Pouvez-vous nous parler des thèmes que vous avez utilisés ?
C’est un mélange de thèmes originaux que j’ai écrits pour ce film et de musique pré-existante, créée par Alan Silvestri pour le tout premier film. Les créateurs de Leroy & Stitch voulaient une continuité entre les différents films. Ce qui fait qu’à certains moments, la partition temporaire collait parfaitement à l’image et il suffisait de réutiliser la musique d’origine, alors qu’à d’autres moments, il a fallu soit la ré-arranger soit utiliser mes propres thèmes. Parmi ces thèmes, il y a celui de la cérémonie qui ouvre le film. C’est une grande marche, la première chose que j’ai écrite pour le film, que j’ai également utilisée dans des scènes plus intimes, notamment lorsque Lilo est découragée. J’ai conçu ce thème de telle sorte qu’il ait cette flexibilité qui permet de l’utiliser dans des situations aussi différentes.
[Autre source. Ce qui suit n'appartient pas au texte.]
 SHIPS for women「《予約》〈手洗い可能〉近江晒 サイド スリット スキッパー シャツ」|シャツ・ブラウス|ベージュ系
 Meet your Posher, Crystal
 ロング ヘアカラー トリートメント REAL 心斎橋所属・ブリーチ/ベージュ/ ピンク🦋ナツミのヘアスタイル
A quel personnage ce thème se rapporte-t-il ?
Il ne s’agit pas d’un personnage en particulier, mais plutôt de l’unité, du lien qui unit les quatre personnages principaux. Il peut se rapporter tout aussi bien à l’unité gagnée qu’à l’unité perdue. Dans ces moments-là, je le passe dans le mode mineur. Je pense notamment à la scène dans laquelle Lilo souffre du fait que ses amis sont désormais loins d’elle. C’est donc un thème qui parle de ces quatre amis en tant que groupe. Lilo avait déjà un thème, celui composé par Alan Silvestri, ce qui fait que je n’avais pas à composer quelque chose de nouveau pour elle. Ce qui était nouveau, c’est cette relation que Lilo, Stitch, Jumba et Pleakley ont noué progressivement au cours de leurs aventures et qui culmine dans cet ultime épisode. Pour bien comprendre cela, les créateurs du film m’ont parlé de cette relation dans la série et les différents films, mais j’en ai encore plus appris auprès des enfants !
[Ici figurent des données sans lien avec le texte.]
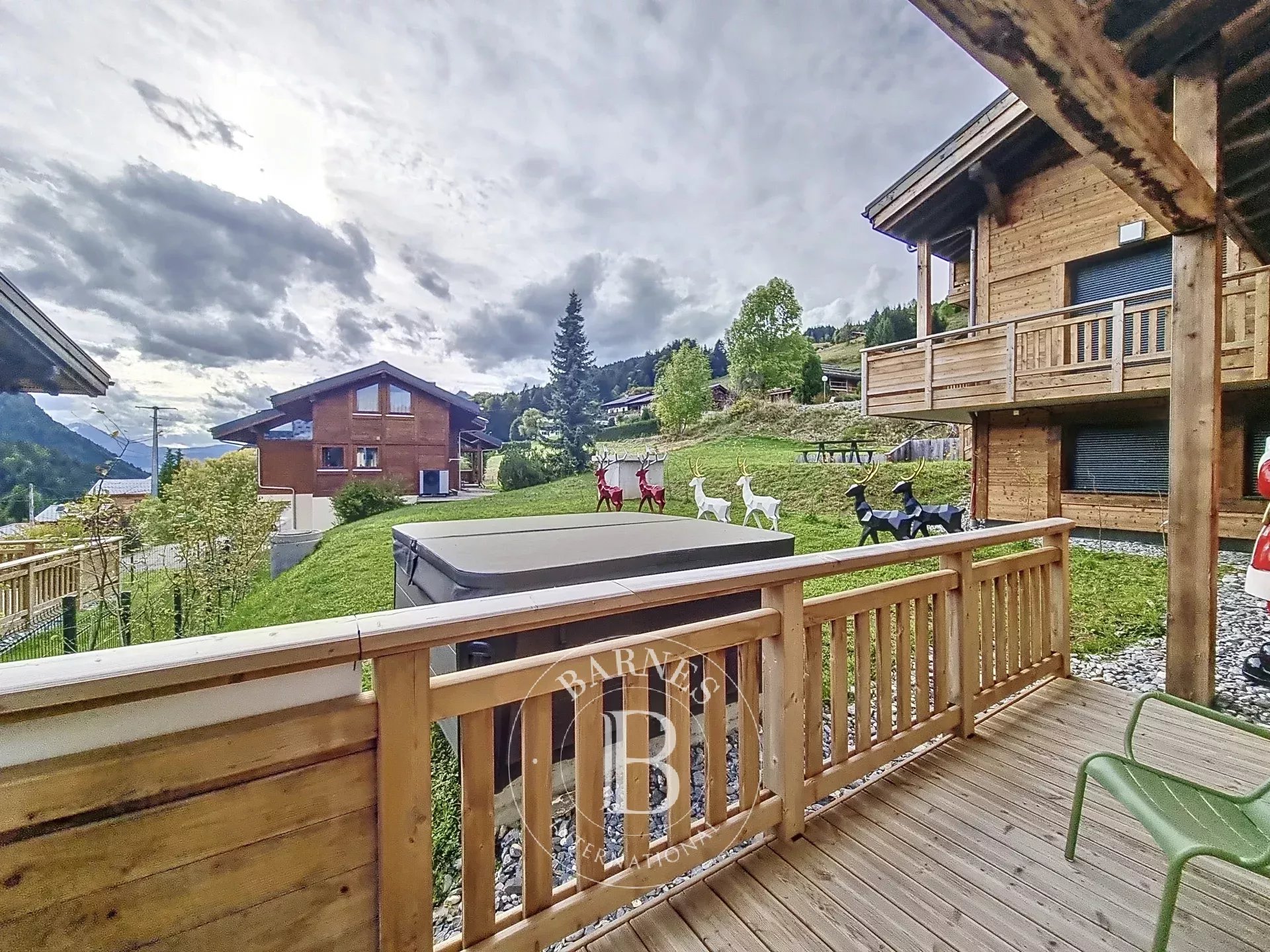 Photo of Les Gets - Apartment 2 bedrooms on suite - 72 sqm - Garden - Very light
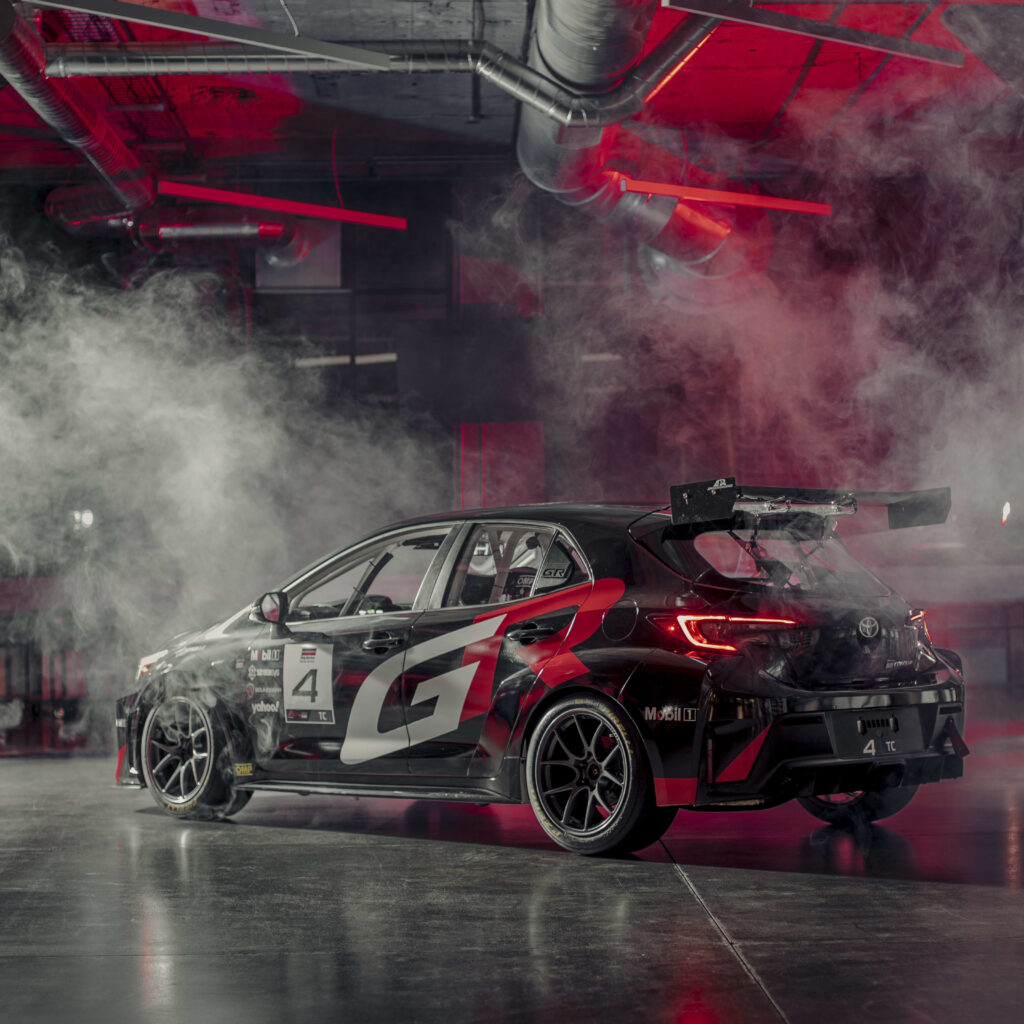 Toyota GR Corolla 2025 года спортивная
Comment avez-vous traité les méchants du film : le Dr. Jacques von Hamsterviel et ses comparses ?
Je voulais un thème qui soit une sorte de marche sardonique afin de souligner le côté factice de cette quête de pouvoir qui les anime et de leur assurance dans leur entreprise pour contrôler la galaxie. Ils se prennent vraiment au sérieux, et une partie de l’humour du film provient de l’ironie que la musique peut apporter à leur portrait. Hamsterviel est un personnage pompeux et ridicule à la fois, et la musique est là pour souligner ce trait. Comme pour le thème de l’unité, ce thème, que j’ai appelé « March of the idiots », n’est pas nécessairement le motif d’un seul personnage. C’est de nouveau un thème sur les relations entre les personnages, ici entre les méchants, et les circonstances qui les unissent. C’est une façon un peu différente d’utiliser les leitmotive, mais il m’a semblé que cela fonctionnait mieux ici, en fonction de l’histoire et des films qui l’ont précédée.
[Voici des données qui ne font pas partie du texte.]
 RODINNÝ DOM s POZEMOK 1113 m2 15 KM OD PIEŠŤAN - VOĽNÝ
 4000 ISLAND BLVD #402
Le seul personnage a avoir son propre thème semble être Pleakley.
L’une des premières maquettes que j’ai soumises aux créateurs du film se rapportait à cette longue séquence dans laquelle chacun des héros retourne vers sa planète d’origine, loin de Lilo : Jumba retrouve son laboratoire, Stitch gagne son nouveau vaisseau, etc. A cet effet, j’ai voulu reprendre le thème de l’unité et l’adapter à chaque personnage tandis qu’il découvre ou redécouvre l’endroit où il va vivre désormais. Pleakley, lui, arrive dans son université, et il y a ce débalage de tous les avantages de sa nouvelle situation. La musique temporaire choisie par les réalisateurs pour cette séquence était A Holiday for Strings, c’est à dire une musique semblable à celle d’un jeu télévisé. C’était à mourir de rire. Je me suis alors demandé comment conserver cet humour, et l’associer au thème de l’unité. Ce que vous entendez finalement dans le film est une combinaison des deux, avec une musique dans le style de Holiday for Strings sur le dessus, et le thème de l’unité dessous, joué aux violoncelles. Or il se trouve que cette parodie fonctionnait tellement bien que je me suis dit que je pourrais l’utiliser en d’autres endroits en tant que thème de Pleakley, simplement en enlevant le thème de l’unité. Je l’ai un peu ralenti, je l’ai fait jouer sur différentes harmonies et le tour était joué !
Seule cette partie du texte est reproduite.